» **Problem**:
Exactly the lines from the line containing "DIAGRAMA DE FLUJO" through the last line of the entries below should appear in the answer, reproduced verbatim.

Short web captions
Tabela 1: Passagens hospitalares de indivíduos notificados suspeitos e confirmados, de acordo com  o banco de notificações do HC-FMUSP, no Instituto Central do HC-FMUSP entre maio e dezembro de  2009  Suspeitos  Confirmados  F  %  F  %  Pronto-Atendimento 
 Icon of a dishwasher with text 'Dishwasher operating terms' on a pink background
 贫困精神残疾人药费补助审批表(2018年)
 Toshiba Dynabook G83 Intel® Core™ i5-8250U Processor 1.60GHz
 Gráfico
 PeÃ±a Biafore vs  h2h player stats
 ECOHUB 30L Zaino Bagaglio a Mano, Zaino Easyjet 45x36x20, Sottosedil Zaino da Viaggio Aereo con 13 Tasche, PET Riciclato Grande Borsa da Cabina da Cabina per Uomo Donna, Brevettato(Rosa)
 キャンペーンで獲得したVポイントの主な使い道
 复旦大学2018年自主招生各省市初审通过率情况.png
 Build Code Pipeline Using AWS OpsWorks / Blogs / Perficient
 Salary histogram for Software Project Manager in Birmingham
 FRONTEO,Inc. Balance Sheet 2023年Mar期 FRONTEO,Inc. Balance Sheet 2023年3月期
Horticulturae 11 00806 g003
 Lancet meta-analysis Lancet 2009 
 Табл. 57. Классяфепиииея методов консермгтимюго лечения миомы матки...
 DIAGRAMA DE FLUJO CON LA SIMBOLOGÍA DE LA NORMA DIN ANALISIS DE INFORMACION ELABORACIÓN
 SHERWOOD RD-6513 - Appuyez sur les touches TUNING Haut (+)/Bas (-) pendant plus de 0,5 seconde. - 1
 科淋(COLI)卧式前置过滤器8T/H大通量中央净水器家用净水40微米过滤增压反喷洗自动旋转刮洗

» **Expected answer**:
 DIAGRAMA DE FLUJO CON LA SIMBOLOGÍA DE LA NORMA DIN ANALISIS DE INFORMACION ELABORACIÓN
 SHERWOOD RD-6513 - Appuyez sur les touches TUNING Haut (+)/Bas (-) pendant plus de 0,5 seconde. - 1
 科淋(COLI)卧式前置过滤器8T/H大通量中央净水器家用净水40微米过滤增压反喷洗自动旋转刮洗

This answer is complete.